Discussion for a Former City Dweller

This email from my dear friend Julia showed up in my inbox the other day, and after laughing out loud 281 times I figured I should share it with all of you. Have you ever been in a situation like this?


So, I am walking in San Francisco during my lunch break this afternoon (beautiful day, by the way...the sun was so yummy and warm), and I decide that I would like to go to Peet's Coffee and Tea to get an iced drink.  I was 2nd in line, and as the person ahead of me moved forward to the counter, I notice that the woman leaving the counter with her hot tea (which everyone knows would melt your skin should it spill) is blind and has her walking stick and kind of awkwardly maneuvers her way through the ropes that make the queue...instead of simply going to the side and walking straight to the table that was empty and literally 7 feet away from her.  In making her way through what would seem like a nightmare if you were blind, she managed to trip up the woman behind me who was doing all sorts of acrobatics so that the woman didn't run into her.  This woman accidentally tripped over the ropes and bumped into me.  At this point, I am wondering, why is it that we are OK running into people...unless they are blind?  Because I also wasn't expecting a grown woman to fall into me, and I was witnessing the whole thing.  I thought, "Whoa, lady." 

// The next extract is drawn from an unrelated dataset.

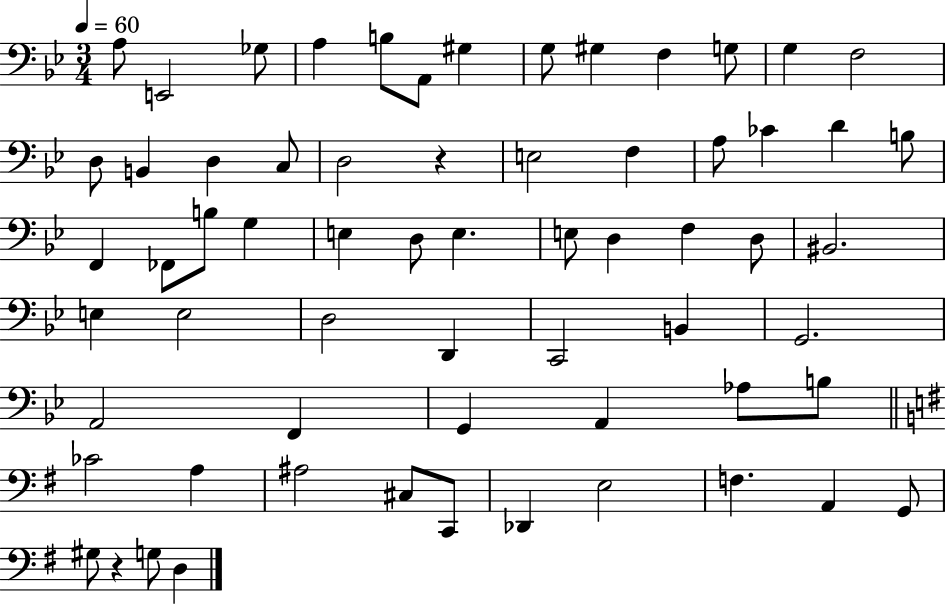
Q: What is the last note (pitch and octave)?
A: D3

So, I sit down and read for about 10 minutes.  When I've walked out the door of Peet's, I notice the blind woman is going the same way as me now!  She does a good job with her walking stick, and it wasn't very crowded on the huge sidewalk.  All the same, I kind of slow down when we cross the intersection to make sure she doesn't topple off the 6-inch curb (which I have done, and again, I am not BLIND).  She caught up with me at the next intersection again, only at this one, we're gonna cross a 6-lane street with a concrete median in the middle.  I sit there as the walk-light is about to go on and I start thinking, "Shit, what do I do?  Do I offer to help her across because this could go horribly wrong!" Instead, I decide to let her go on her independent way, and if she looks like she falls or anything, I will stay near so that I may help her.  I don't want to make her feel uber handicapped like she can't cross a fucking street by herself.  She lives in a damn city!  

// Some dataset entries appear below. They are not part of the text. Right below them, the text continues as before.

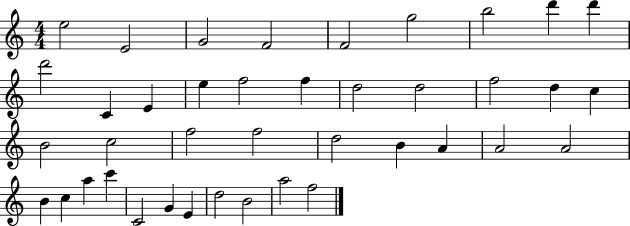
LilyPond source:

{
  \clef treble
  \numericTimeSignature
  \time 4/4
  \key c \major
  e''2 e'2 | g'2 f'2 | f'2 g''2 | b''2 d'''4 d'''4 | \break d'''2 c'4 e'4 | e''4 f''2 f''4 | d''2 d''2 | f''2 d''4 c''4 | \break b'2 c''2 | f''2 f''2 | d''2 b'4 a'4 | a'2 a'2 | \break b'4 c''4 a''4 c'''4 | c'2 g'4 e'4 | d''2 b'2 | a''2 f''2 | \break \bar "|."
}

To my surprise, as we both set off across the street, she walks straight into the lines of cars lined up waiting at the light!  What the Hell. I look like an ass. The worst is that instead of going over to help her, I am trying really hard not to chuckle because it is kind of funny. What is the etiquette of a blind person crossing the road?  Do you help, or do you not help?  Do you think we stare and avoid helping more because we know they can't see us?  In the end, I made sure she didn't die going across by staying at a safe distance, and realized that the whole movement of political correctness has made me incapable of knowing appropriate kindness.  

Sheesh!


This is the EXACT kind of awkward situation that gives me fodder for this blog. So, dear reader, what would you have done?

2 comments:

Alyssa @ Life of bLyss said...

I like her take on the whole thing. If this lady is by herself, she's probably independent enough to handle it. However, like your friend, I probably would have felt a strong need to stick to her side until she seemed to navigate out of harm's way on her own.

She's so right though! What's worse.. letting the handicapped person get hurt on your watch, or offering to help and subsequently offending them?

Christine Dryden said...

Mr. Chris has a very funny story about helping a blind student across campus one time. I look forward to telling it, if he you don't get his rendition sooner.